Parmi les 30 000 personnes mobilisées par la coalition internationale de 60 pays formée autour des États-Unis, on note la participation de combattants peshmergas (forces armées du Kurdistan irakien), de tribus de confession sunnite et des milices chiites, tous sous la commande des troupes d'élite de contre-terrorisme.

L'éclectisme de la coalition internationale est évident. Le fait que des gens de différents horizons participent à l'opération militaire laisse entrevoir une stratégie élaborée minutieusement pour atteindre deux objectifs majeurs : contrer le sectarisme enraciné dans la zone et assurer les acteurs politiques de la grande région du Moyen-Orient que chacun aura son mot à dire après l'éventuelle pacification.

Ainsi, l'Iran, qui se faisait très discret dans les pourparlers entourant la résolution du conflit, voit sa position renforcée d'une manière éclatante. Après l'accord sur le nucléaire avec la communauté internationale, le pays agit comme un partenaire responsable, des pays occidentaux. Le lien indissoluble avec la faction chiite présente aux portes de Mossoul constitue la garantie nécessaire pour que son implication du côté de la coalition soit indéfectible.

La présence des sunnites est bénéfique pour montrer aux éventuels éléments modérés qui basculent d'un camp à l'autre (même à l'intérieur de la ville assiégée) que le temps de la fragmentation est révolu et qu'il y a de la place pour leurs représentants à la table de dialogue post-conflit. Ainsi, d'éventuels dérapages de la part des chiites lors de l'assaut de la ville seront tempérés par les sunnites.

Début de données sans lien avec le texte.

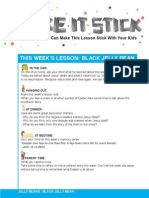 Make It Stick Parent Resource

L'Arabie saoudite, apparemment grand alliée des États-Unis, pourrait continuer à influencer la politique dans le nord de l'Irak à travers la phalange sunnite. Mais, en même temps, ce pays aura des défis majeurs à relever puisque son conflit avec l'Iran, en général avec le groupe des chiites en particulier, doit être alimenté constamment. C'est une question de légitimité, de l'existence même de son État et même pour l'avenir de l'islam dans la grande région du Moyen-Orient. Leur relation avec les États-Unis est soumise à une grande épreuve ces temps-ci.

La grande perdante de la nouvelle configuration reste la Turquie, qui a été mise hors jeu par ces décisions. Sa naturelle implication dans la zone a été écartée, le président Erdogan réclame à haute voix qu'il soit consulté et écouté. La présence des peshmergas dans la coalition internationale n'a rien de rassurant pour ses objectifs de politique internationale. La confiance dont jouissent les forces de combat kurdes au sein de la coalition contraste avec les divergences exprimées envers le régime turc après le rapprochement de celui-ci avec l'homme fort du Kremlin.

Finalement, le fait que l'administration Obama a pris le devant de l'agenda international avec « la bataille de Mossoul » assure un levier diplomatique significatif pour la prochaine administration issue des élections de novembre.

Le président Poutine aura à négocier avec son homologue dans un contexte où des opérations militaires, d'intelligence, des processus de state-building sont en plein déploiement.

Henry Kissinger, l'ancien secrétaire d'État américain, a fait carrière politique (et universitaire) sur ce concept d'équilibre des puissances, analysé et expliqué sur toutes les tribunes. Ses disciples ne font pas juste l'assimiler sur le plan théorique, mais l'appliquent ad litteram quand il s'agit de contenir des acteurs internationaux qui ne respectent pas l'ordre international.